Comprising more than 100 works created between 2000 and 2010, Kelley’s “Memory Ware” series borrows its name and aesthetics from folk art found in black communities in the American South and Victorian Britain in which bottles and other vessels were decorated with sentimental keepsakes such as buttons, beads and charms, embedded in a coating of clay. As Ralph Rugoff, director of London’s Hayward Gallery, explains “given his existing interest in remembrance and in re-purposing materials with prior histories [see for example, ‘More Love Hours Than Can Ever Be Repaid and The Wages of Sin’, one of Kelley’s most famous works from 1987 featuring a mess of used rag dolls, stuffed animals and blankets strewn across a canvas], as well as his long-term engagement with the aesthetics of craft and folk art, Kelley recognized in this find [at a Toronto antiques fair in 2000] the possibilities for developing new works that deployed the memory ware aesthetic towards very different ends”.
“Memory Ware Flats”, the series’ two-dimensional wall pieces on display, dazzle the viewer with their mind-boggling density made out of thousands of tchotchkes—pins, buttons, keys, coins, bottle caps, pendants and even screws, bought by the handful at thrift stores and flea markets—cemented in rectangle canvases of grey tile grout. For Kelley, memory is a stream of tiny particles, disconnected morsels of information that only sometimes add up to make clear sense.
Although from a distance, Kelley’s ‘Flats’ resemble abstract art paintings, straddling pointillism and abstract expressionism, on closer inspection, as its constituent jumble of trinkets come into focus, they almost turn into a craft project of kitsch sensibility. This perceptual shift from high to low art and vice versa which Kelley has ingeniously achieved in these works reveals his belief in the pivotal role of conventions in generating and framing different meanings but also underpins the artist’s rejection of the idealist notion that objects, including works of art, have inherent significance or value.
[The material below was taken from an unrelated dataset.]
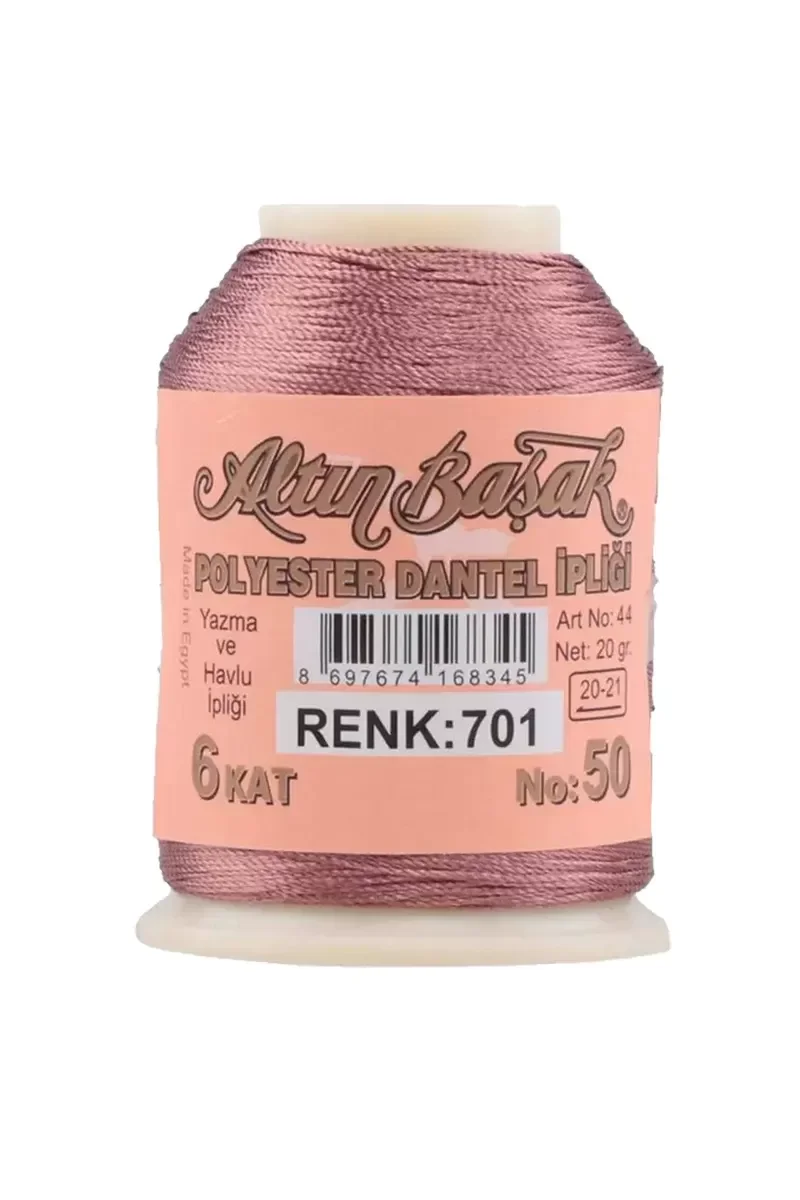 3 Adet Altınbaşak Oya ve Dantel İpi 20 gr - Royaleks - No: 701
Τhe show’s freestanding sculptures, some sharing the same mesmerizing decorative busyness as the ‘Flats’, others sporting a more minimal sensibility, provide additional layers of meaning. Take for example “In Memory of Camelot”, featuring a tiny figurine of JFK Jr. that reproduces a charged scene from his father’s funeral, a framed newspaper cover announcing his death in an airplane crash and a bejewelled urn, it entwines the deaths of father and son in the annals of our collective memory.
Quite different in conception and form but just as nuanced, “Aerodynamic vertical to horizontal shift”, a concrete blob resting on two wooden sawhorses, replicates a segment of his 1999 “Frame and frame” installation (a project that heavily informed his “Memory Ware” series), a miniature replication of the Chinatown wishing well, a 1930’s sculpture by Henry Hong Kay Liu in downtown LA that in turn is a miniature replication of the Seven Star Cave in China. Accompanied by an audio of planes taking off in order to compensate for the dynamic thrust loss from having been shifted from a vertical to a horizontal position, this third-order replica not only acknowledges the fluidity of memory but also explores the discordant relationship between meaning and form.
With an upcoming publication of a book by Hauser & Wirth Publishers documenting the entire “Memory Ware” series, there hasn’t been a more fruitful time to showcase Kelley’s superb craftsmanship, mastery in composition and conceptual ingenuity but above all his willingness to use these talents to subvert our perception of both artistic norms and his own work as an artist.